Stage one: To exclude a) firms that are ineligible because they have been convicted of certain specified offences, or who have been declared bankrupt or insolvent (regulation 23); and b) who fail to satisfy the minimum standards for economic and financial standing (regulation 24) or technical or professional ability (regulation 25)
Stage two: To select, from those firms not rejected at stage one, those that will be invited to tender. Regulation 16 provides that the contracting authority shall make the selection of the firms to be invited to tender in accordance with the regulations detailed above.
Failure to adhere will result in public money being wasted defending challenges
At the end of stage two, the contracting authority will have rejected those bidders that are not eligible to tender or do not meet the minimum technical requirements, and will have selected from those that remain the firm that will be invited to tender.
Stage three: Regulation 16 provides that the contracting authority shall award the contract in accordance with regulation 30. Under regulation 30, the award can either be made to the firm with the lowest price, or on the basis of “the offer that is the most economically advantageous from the point of view of the contracting authority”.
Regulation 30 states: “A contracting authority shall use criteria linked to the subject matter of the contract to determine that an offer is the most economically advantageous, including quality, price, technical merit, aesthetic and functional characteristics, environmental characteristics, running costs, cost effectiveness, after-sales service, technical assistance, delivery date, delivery period and period of completion.”

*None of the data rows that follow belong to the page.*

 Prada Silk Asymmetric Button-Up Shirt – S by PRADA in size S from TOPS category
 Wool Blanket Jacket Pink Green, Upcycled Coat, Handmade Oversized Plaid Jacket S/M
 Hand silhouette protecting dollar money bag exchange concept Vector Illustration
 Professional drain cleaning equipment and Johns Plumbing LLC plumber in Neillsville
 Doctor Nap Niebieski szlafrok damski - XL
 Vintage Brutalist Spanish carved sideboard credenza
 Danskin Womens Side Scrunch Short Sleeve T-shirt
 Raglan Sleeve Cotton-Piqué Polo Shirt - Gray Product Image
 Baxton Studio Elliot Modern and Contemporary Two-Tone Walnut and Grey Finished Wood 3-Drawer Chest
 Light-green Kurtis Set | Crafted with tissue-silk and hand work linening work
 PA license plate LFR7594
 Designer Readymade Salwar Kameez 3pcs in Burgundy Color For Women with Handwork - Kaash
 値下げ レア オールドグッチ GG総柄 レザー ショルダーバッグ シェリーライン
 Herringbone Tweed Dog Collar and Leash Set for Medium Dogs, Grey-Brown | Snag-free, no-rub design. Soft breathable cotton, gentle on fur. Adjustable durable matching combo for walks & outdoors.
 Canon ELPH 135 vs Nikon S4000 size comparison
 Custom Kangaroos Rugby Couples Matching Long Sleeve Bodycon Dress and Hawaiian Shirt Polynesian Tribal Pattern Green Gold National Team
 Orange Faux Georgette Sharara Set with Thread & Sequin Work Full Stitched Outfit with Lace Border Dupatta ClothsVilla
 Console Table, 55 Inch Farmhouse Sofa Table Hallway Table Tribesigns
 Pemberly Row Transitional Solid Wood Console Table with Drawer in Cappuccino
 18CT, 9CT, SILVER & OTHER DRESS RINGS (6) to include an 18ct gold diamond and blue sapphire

The criteria used in deciding which bidder will be awarded the contract must be linked to the economic advantage of the offer from the point of view of the contracting authority.
What cannot be taken into account are characteristics relating to the suitability of firms to carry out the project. In the Lianakis case, the ECJ made this point clear – criteria such as size, manpower levels and resources were held not to be criteria that could be taken into account at the award stage.
Failure to adhere to the correct procedures will result in public money being wasted in defending challenges to contract awards and paying for the loss of potential profit to unsuccessful tenderers.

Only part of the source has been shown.